Sua capacidade de articular o saber acadêmico com as demandas das ruas e dos territórios quilombolas tornou-se sua marca registrada. Ao longo de sua carreira, ela consolidou parcerias com instituições como a Universidade Federal do Pará, onde fomentou debates cruciais sobre a implementação de ações afirmativas e a preservação da memória coletiva.
Impacto do ativismo na luta contra o racismo
O legado deixado por Zélia é vasto e reflete a complexidade da luta antirracista em um território marcado por profundas disparidades socioeconômicas. Ela foi pioneira ao denunciar o silenciamento das vozes negras na historiografia oficial da região, exigindo o reconhecimento do protagonismo dessas populações na formação da sociedade amazônica.

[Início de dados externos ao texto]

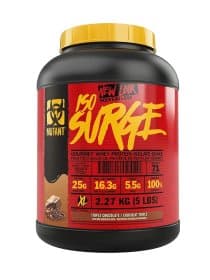 Протеин Mutant Iso Surge 2,27kg Шоколад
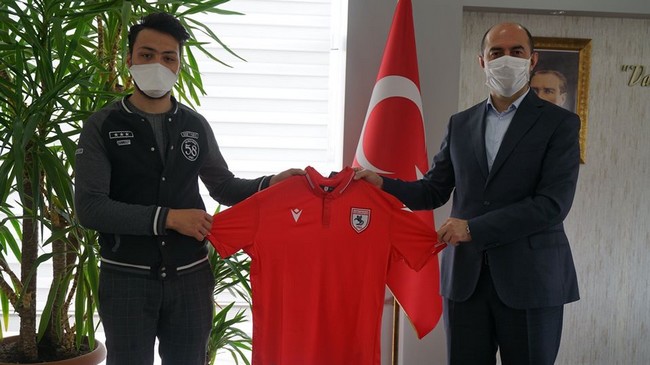 Evde Kal, Samsunspor Forması Kazan!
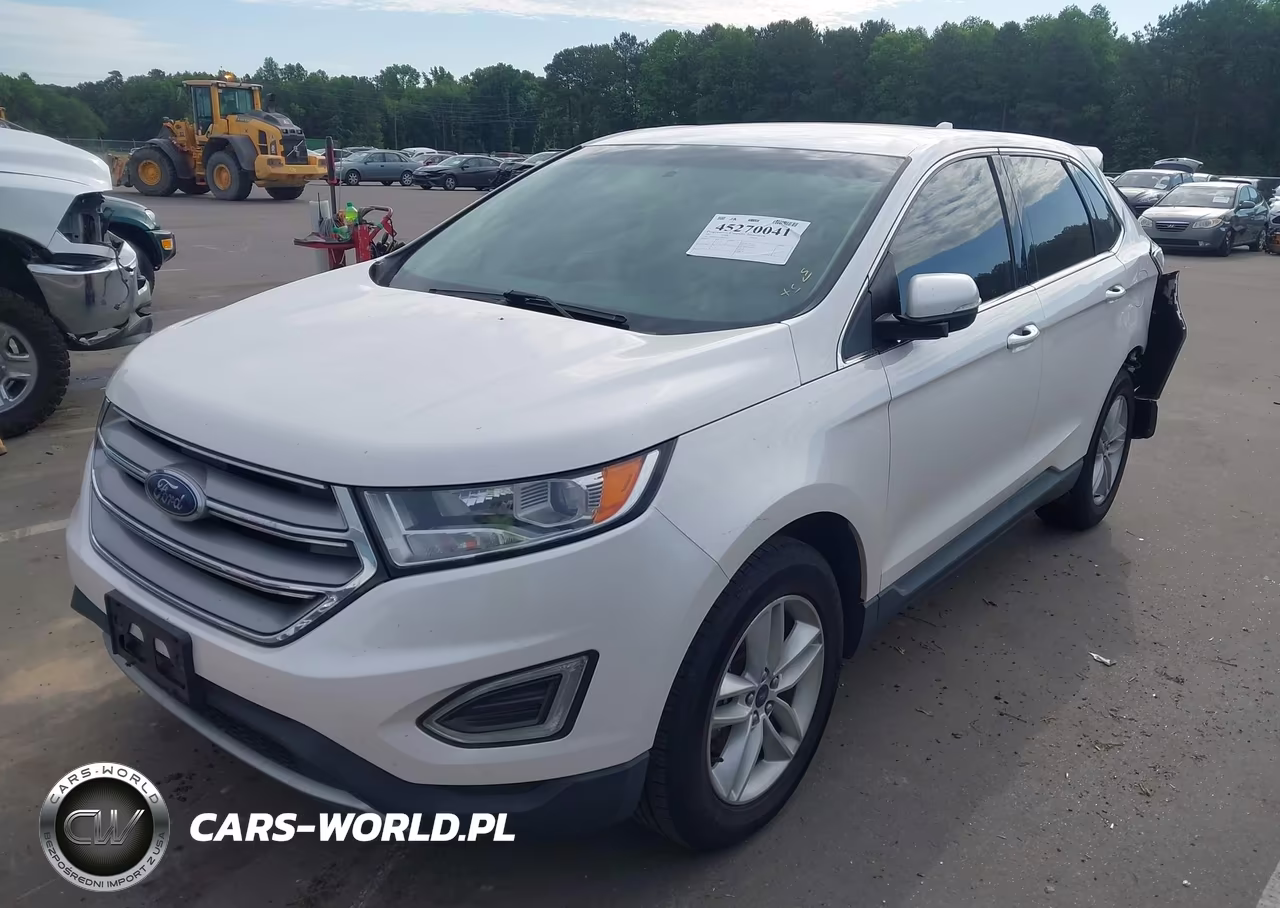 2017 Ford Edge Sel VIN:2FMPK3J86HBC58611 - 2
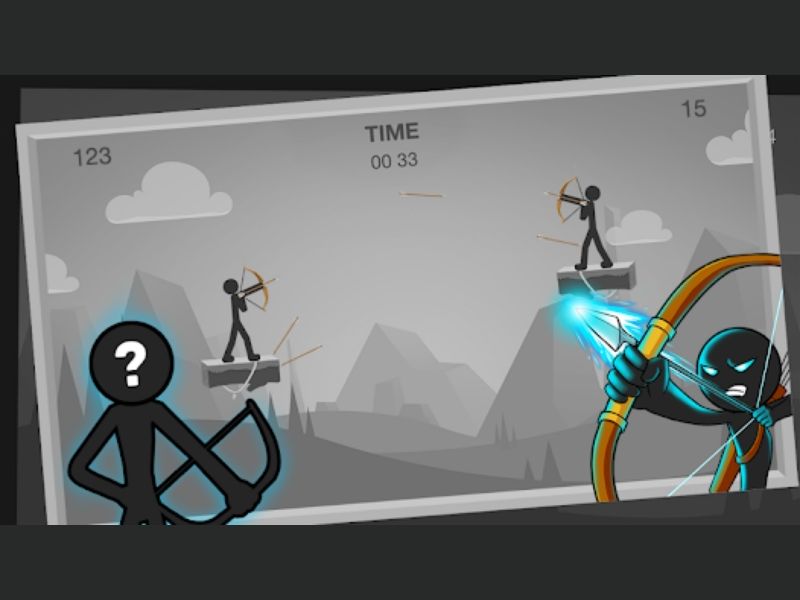 Tải Hack Mr Bow Mod APK (Full Tiền) v5.0.9 2 Mr Bow Chiến đấu 1v1 căng thẳng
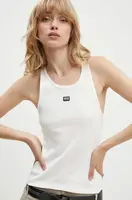 Bavlněný top Moschino Jeans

Sua postura firme diante de retrocessos e sua habilidade em mediar conflitos sociais garantiram que o debate sobre direitos humanos permanecesse vivo. O impacto de seu trabalho é sentido tanto nas políticas de reparação quanto no fortalecimento dos movimentos sociais que hoje continuam seu projeto de emancipação e dignidade.
Reconhecimento e memória de um projeto de vida
A perda de Zélia Amador de Deus é sentida por lideranças, intelectuais e ativistas de todo o Brasil. Sua vida foi um exercício contínuo de resistência, pautado pela ética, pelo rigor intelectual e por uma sensibilidade aguçada para as dores e as potências do povo negro.
O reconhecimento de sua importância histórica deve perdurar como base para as futuras gerações. Ao olhar para o futuro, o movimento antirracista na Amazônia encontra em sua trajetória não apenas um exemplo de coragem, mas um roteiro estratégico para a conquista de novos espaços de poder e cidadania.